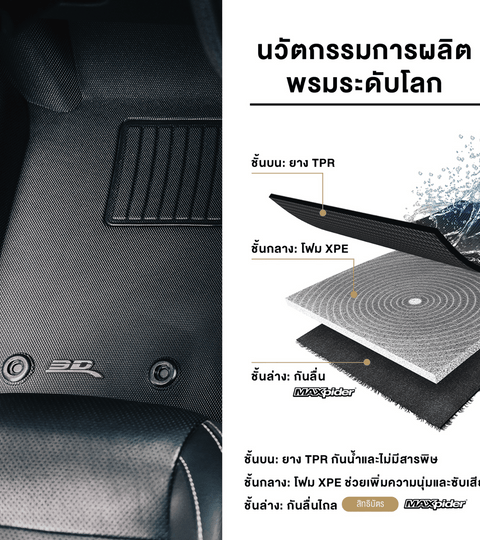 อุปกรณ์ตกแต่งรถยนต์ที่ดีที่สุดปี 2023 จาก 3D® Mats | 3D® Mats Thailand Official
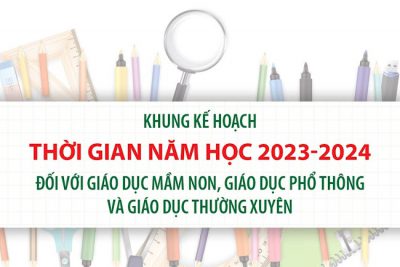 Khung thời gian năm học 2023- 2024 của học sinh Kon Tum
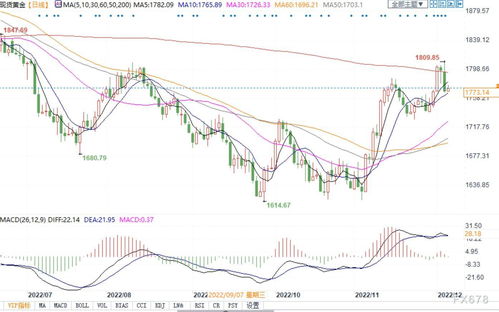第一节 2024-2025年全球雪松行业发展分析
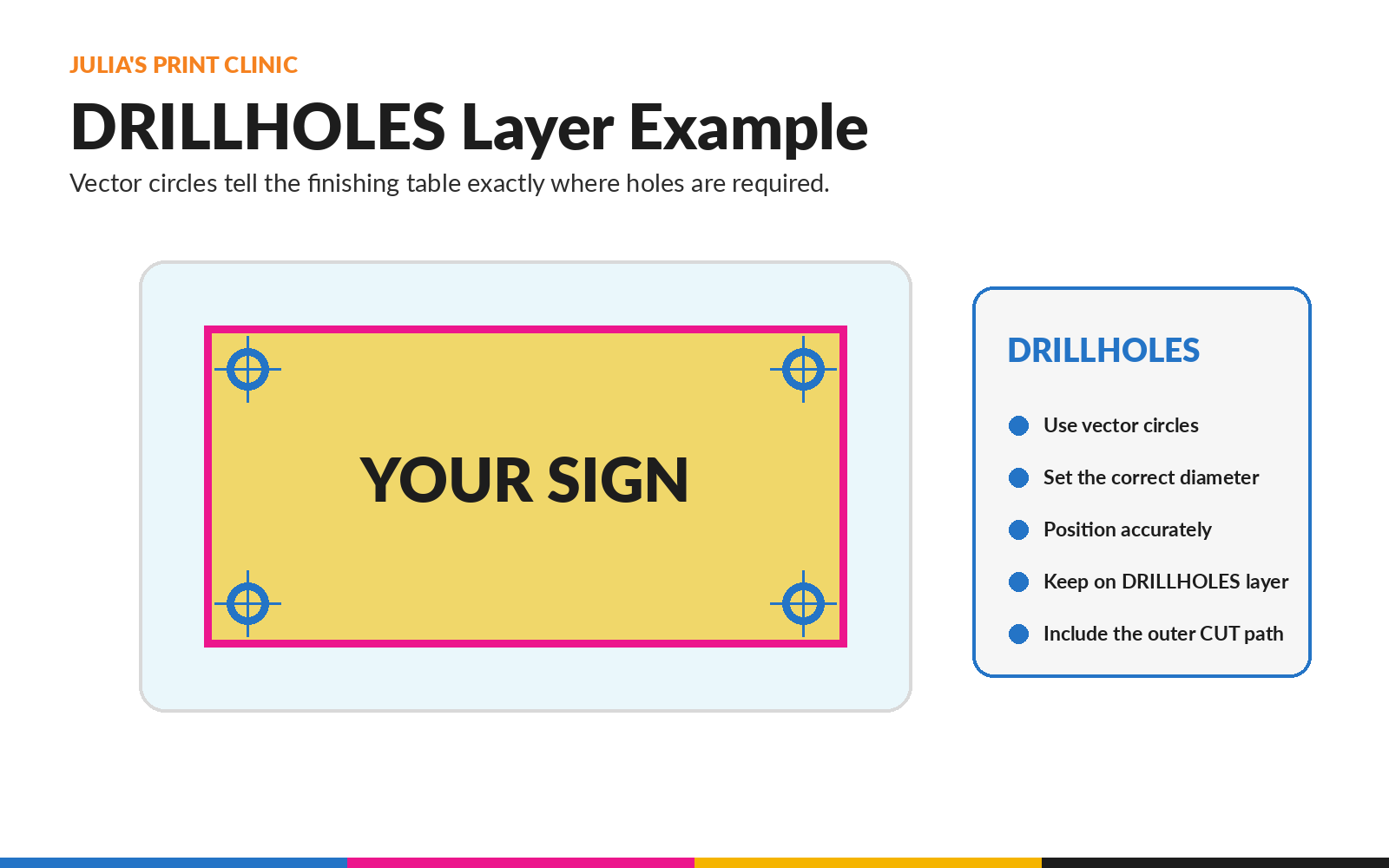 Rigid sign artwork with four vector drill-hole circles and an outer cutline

Exercise aim: Return exactly the lines starting at the line with "Khung thời gian" and ending at the last line of the listing, both ends included; pictures are to be left out.

Result:
 Khung thời gian năm học 2023- 2024 của học sinh Kon Tum
第一节 2024-2025年全球雪松行业发展分析
 Rigid sign artwork with four vector drill-hole circles and an outer cutline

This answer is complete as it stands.